In that case, the decision which finally emerged out of Ireland was actually the DPC acting on instruction from the European Data Protection Board (EDPB), which had to step in to settle disagreements between EU regulators. So a speedy privacy clamp down on Meta’s gaming of consent seems unlikely — unless other DPAs decide to take matters into their own hands.
On paper, they can do this. Despite the existence in the GDPR of the OSS mechanism, which can lead to a lead authority being appointed to deal with complaints involving cross-border processing, the regulation includes emergency powers that allow other DPAs to take action to mitigate data risks in their own markets to protect local users. They can also follow up any interim measures they impose locally by asking the EDPB to make their temporary action permanent and EU-wide — as happened last year when Norway’s DPA petitioned the EDPB over Meta’s legal basis for ads. However, by then, Meta had already shifted its claimed basis to consent, meaning it could just sidestep the regulatory intervention. (Which just goes to show that enforcement delayed is enforcement denied.)
“The [Austrian] authority should order Meta to bring its processing operations in compliance with European data protection law and to provide users with an easy way to withdraw their consent — without having to pay a fee,” writes noyb, urging the imposition of a fine “to prevent further violations of the GDPR”.
noyb is also petitioning the Austrian DPA to instigate an urgency procedure — citing recent CJEU case law which it argues indicates that the discretion of DPAs to decide whether or not to instigate an urgency procedure is limited by “their duty to provide effective protection of data protection rights”. “Thus, in specific situations (like ours) the data subject has a right to an urgency procedure,” a noyb spokesperson suggested.

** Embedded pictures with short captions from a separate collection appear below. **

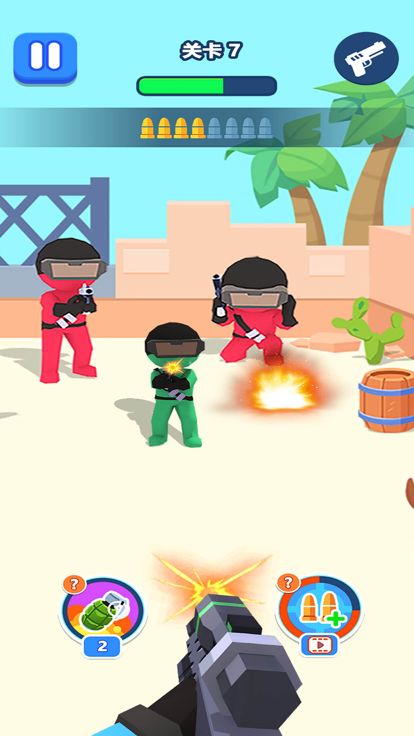 和平捍卫者游戏截图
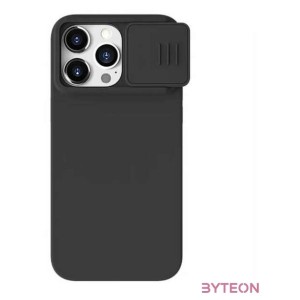 Nillkin CamShield Silky Silicone case for iPhone 15 Pro (classic black)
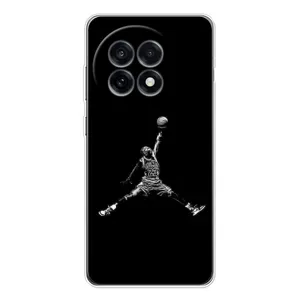 Силиконовый Чехол Nike Air Jordan на (Джордан)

However, so far, they said the Austrian authority has resisted the call to take emergency measures. “The Austrian DPA has just told us that they received the complaint, that there is no right to an urgency procedure and that another DPA might be the leading supervisory authority. But the complaint wasn’t yet officially referred to the DPC as far as I know,” noyb’s spokesperson added.
While all these tortuous regulatory twists and turns have played out, the upshot for Facebook and Instagram users in Europe is that their privacy remains at Mark Zuckerberg’s mercy — unless or until they abandon using his dominant social networks entirely — since, in parallel with all these years of privacy scrutiny and sanction, the adtech giant has been able to keep cashing in on Europeans’ personal data the whole time; processing it for ad targeting despite its legal bases being under challenge or even, for several months-long stretches, invalidated (as happened in the months between its claim of (first) contractual necessity (and then legitimate interests) being ruled out and Meta switching to alternatives (earlier last year legitimate interests; now consent)).
That said, we are seeing more moves to litigate against Meta on privacy — such as the $600M competition damages claim being brought by publishers in Spain last year who argue its lack of legal basis for microtargeting users sums to unfair competition they should be compensated for — so the adtech giant could face a reckoning in the form of rising costs coming down the pipe over legacy data protection violations, as well as the prospect of future sanctions flowing from fresh privacy complaints if they lead to breach findings.
It’s worth noting the GDPR only has a limited number of legal bases (six) for processing personal data. Several are simply irrelevant for an adtech giant like Meta, while others have been ruled out by regulators and the CJEU. So its options for tracking and profiling users for ads have narrowed — to a single possibility: Consent. How Meta frames this choice is where the privacy action is now.